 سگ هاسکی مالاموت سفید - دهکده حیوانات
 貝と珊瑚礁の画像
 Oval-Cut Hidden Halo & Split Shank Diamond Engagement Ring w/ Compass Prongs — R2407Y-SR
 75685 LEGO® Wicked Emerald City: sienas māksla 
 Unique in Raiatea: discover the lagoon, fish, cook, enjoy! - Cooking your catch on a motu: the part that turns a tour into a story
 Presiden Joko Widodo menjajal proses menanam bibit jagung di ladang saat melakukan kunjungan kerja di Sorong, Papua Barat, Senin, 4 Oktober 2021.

========================================

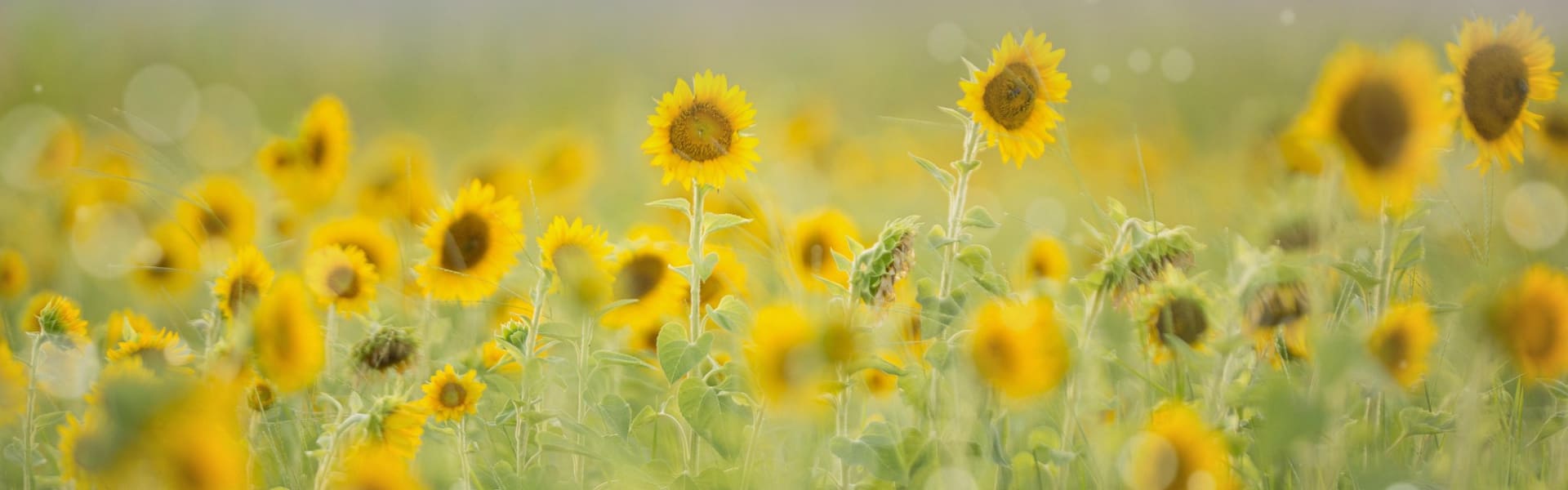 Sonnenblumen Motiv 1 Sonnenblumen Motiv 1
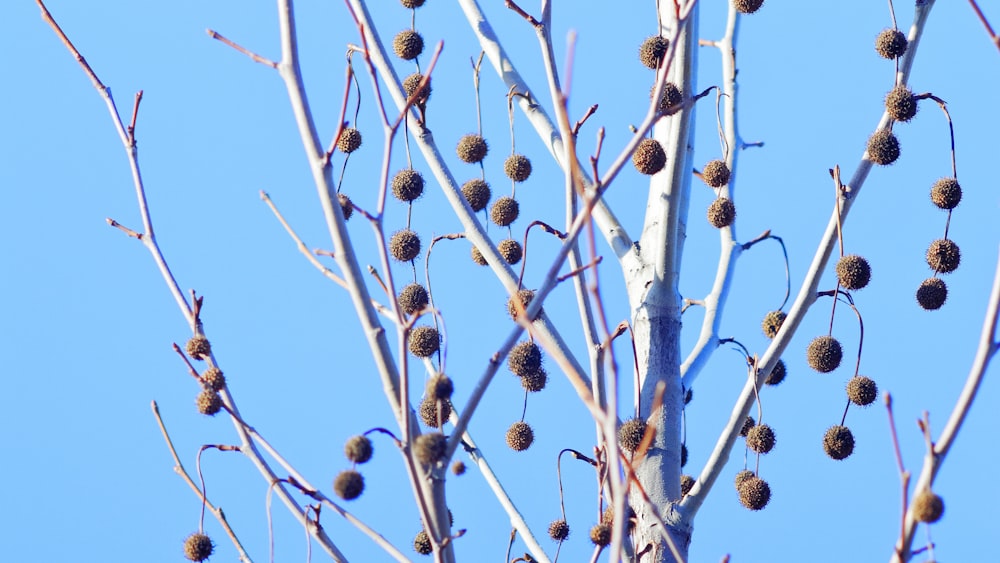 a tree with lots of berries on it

========================================

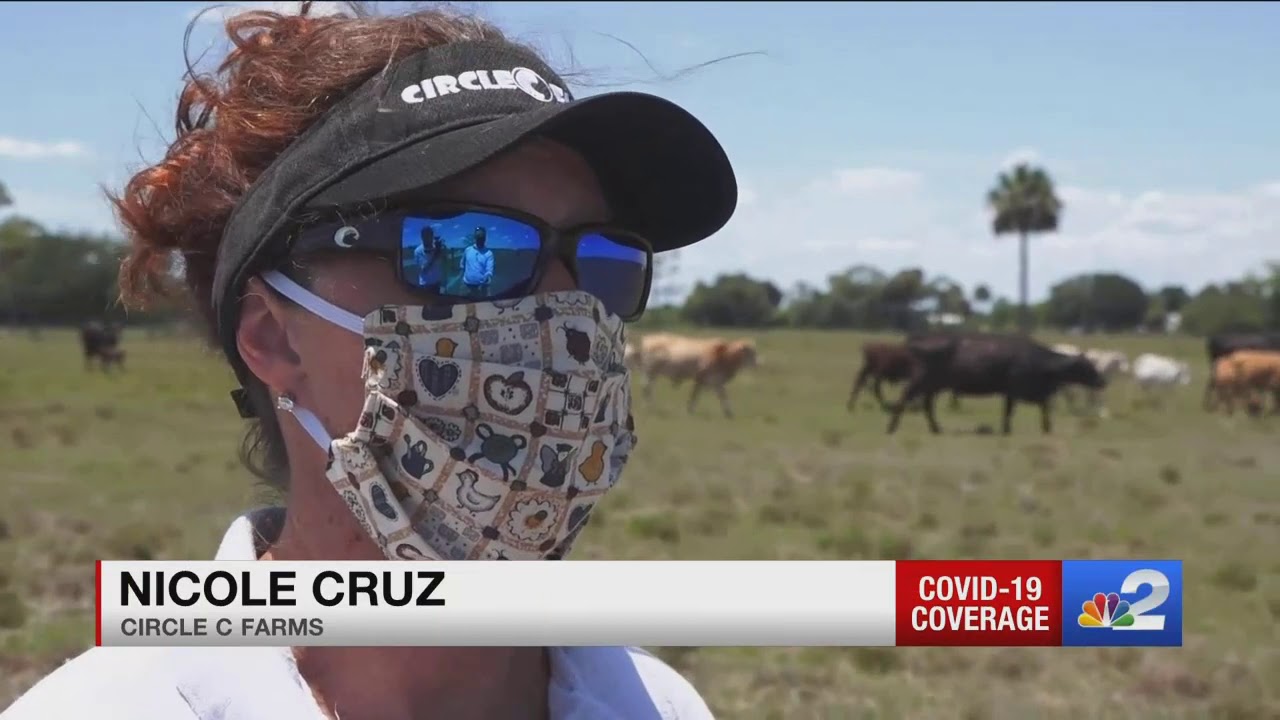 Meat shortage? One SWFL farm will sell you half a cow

========================================

▸ **YOUR INSTRUCTIONS**:
Return a word-for-word copy of the lines above from the one holding "Unique in Raiatea: discover" through the one holding "Presiden Joko Widodo", with both of them included and nothing besides.

▸ **RESPONSE**:
 Unique in Raiatea: discover the lagoon, fish, cook, enjoy! - Cooking your catch on a motu: the part that turns a tour into a story
 Presiden Joko Widodo menjajal proses menanam bibit jagung di ladang saat melakukan kunjungan kerja di Sorong, Papua Barat, Senin, 4 Oktober 2021.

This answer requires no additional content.